⑤部署prometheus deployment


[root@PH-K8S-M01 k8s-prometheus-grafana]# cat prometheus.deploy.yml 

---

apiVersion: apps/v1beta2

kind: Deployment

metadata:

  labels:

    name: prometheus-deployment

  name: prometheus

  namespace: kube-system

spec:

  replicas: 1

  selector:

    matchLabels:

      app: prometheus

  template:

    metadata:

      labels:

        app: prometheus

    spec:

      containers:

      - image: prom/prometheus:v2.0.0

        name: prometheus

        command:

        - "/bin/prometheus"

        args:

        - "--config.file=/etc/prometheus/prometheus.yml"

        - "--storage.tsdb.path=/prometheus"

        - "--storage.tsdb.retention=24h"

        ports:

        - containerPort: 9090

          protocol: TCP

        volumeMounts:

        - mountPath: "/prometheus"

          name: data

        - mountPath: "/etc/prometheus"

          name: config-volume

        - name: prometheus-rules        ###指定prometheus rule監控項數據掛載,需要在configmap中指定rules路徑

          mountPath: /etc/config/rules

        - name: localtime

          mountPath: /etc/localtime

        resources:

          requests:

            cpu: 100m

            memory: 100Mi

          limits:

            cpu: 500m

            memory: 2500Mi

      serviceAccountName: prometheus    

      volumes:

      - name: data

        hostPath:

          path: /var/lib/docker/prometheus 

      - name: config-volume

        configMap:

          name: prometheus-config   

      - name: prometheus-rules

        configMap:

          name: prometheus-rules        

      - name: localtime

        hostPath:

          path: /etc/localtime


至此prometheus部署完成,訪問http://IP:30003

查看rules是否正常:

image.png


查看target是否正常:

image.png


1.3 部署node-exporter

  node-exporter的部署在這裏採用二進制包的形式部署,因爲發現採用容器化部署node-exporter獲取到的數據不是很準確,所以在這裏採用二進制的方式,運行一下部署腳本即可,腳本如下,注意,需要在每個node節點執行一下腳本,啓動端口爲9100

#!/bin/bash


wget https://github.com/prometheus/node_exporter/releases/download/v0.17.0/node_exporter-0.17.0.linux-amd64.tar.gz


tar zxf node_exporter-0.17.0.linux-amd64.tar.gz

mv node_exporter-0.17.0.linux-amd64 /usr/local/node_exporter


cat <<EOF >/usr/lib/systemd/system/node_exporter.service

[Unit]

Description=https://prometheus.io


[Service]

Restart=on-failure

ExecStart=/usr/local/node_exporter/node_exporter --collector.systemd --collector.systemd.unit-whitelist=(docker|kubelet|kube-proxy|flanneld).service


[Install]

WantedBy=multi-user.target

EOF


systemctl daemon-reload

systemctl enable node_exporter

systemctl restart node_exporter 


1.4 部署kube-state-metrics

Kubernetes集羣上Pod, DaemonSet, Deployment, Job, CronJob等各種資源對象的狀態需要監控,這也反映了使用這些資源部署的應用的狀態。

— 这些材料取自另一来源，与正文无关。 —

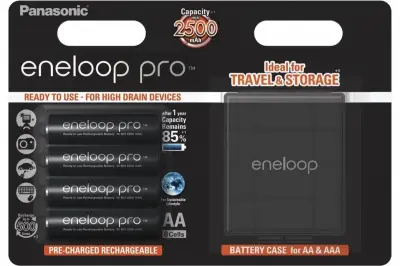 Аккумулятор Panasonic eneloop pro + футляр BL4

但通過查看前面Prometheus從k8s集羣拉取的指標(這些指標主要來自apiserver和kubelet中集成的cAdvisor),並沒有具體的各種資源對象的狀態指標。對於Prometheus來說,當然是需要引入新的exporter來暴露這些指標,Kubernetes提供了一個kube-state-metrics正是我們需要。

部署kube-state-metrics-rbac.yaml進行授權認證

[root@PH-K8S-M01 k8s-prometheus-grafana]# cat kube-state-metrics-rbac.yaml

apiVersion: v1

kind: ServiceAccount

metadata:

  name: kube-state-metrics

  namespace: kube-system

  labels:

    kubernetes.io/cluster-service: "true"

    addonmanager.kubernetes.io/mode: Reconcile

---

apiVersion: rbac.authorization.k8s.io/v1

kind: ClusterRole

metadata:

  name: kube-state-metrics

  labels:

    kubernetes.io/cluster-service: "true"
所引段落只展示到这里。